The first Forum took place in 2009 as a response to the deepening economic crisis at the time. It brought together members of the Diaspora and the Government who were tasked to come up with new and innovative ways to help lift the country out of recession. This first Forum recommended the establishment of the Global Irish Network, which was set up in 2010.
Subsequent Forums took place in 2011 and 2013 and built on the work of the first. The focus of these was on generating ideas for economic renewal, restoring our reputation overseas and creating jobs across a range of sectors. The themes for the 2013 Forum were based on the Action Plan for Jobs agenda and the outcomes, where possible, have been included in the 2014 Action Plan. Recommendations such as the Year of Irish Design in 2015, the placement of Origin Green ambassadors, the development of an agency to market Irish agri-business expertise globally, increased on-line trading for SME’s and initiatives around Smart Ageing, among others, will all be taken forward in this context.
Other ideas arising from the Forum have been taken forward independently by members of the Global Irish Network. An idea for a new third level institution for the arts came out of the first Forum in 2009, and earlier this year, Uversity, a recognised college of the National College of Ireland, launched an MA programme in Creative Process with a choice of modules from 24 partner institutions.

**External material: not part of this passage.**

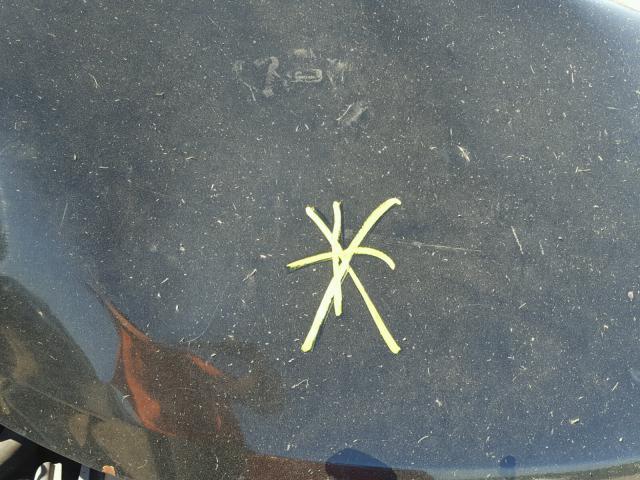 1G1ZT64804F148257 - 2004 CHEVROLET MALIBU MAX BLACK photo 7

The various Forums have also provided launch pads for other initiatives such as the Gathering, Connect Ireland and Limerick City of Culture.
To date, over 100 Global Irish Network members have signed up to provide mentoring and advice to Irish SME’s through the Global Irish Contacts Programme run by Enterprise Ireland. On a day to day basis Global Irish Network members provide the network of Embassies and State Agency offices with advice on sectoral and regional issues, they facilitate high level access to decision makers, encourage Foreign Direct Investment and help promote Ireland as a destination for both tourism and education.
It is not possible to quantify how many jobs have been created as a direct result of the Global Irish Economic Forum. However, I am confident that the impact of these events, together with the ongoing work of the members of the Global Irish Network, has been a significant factor in the restoration of our reputation abroad and the consequent economic benefits to Ireland.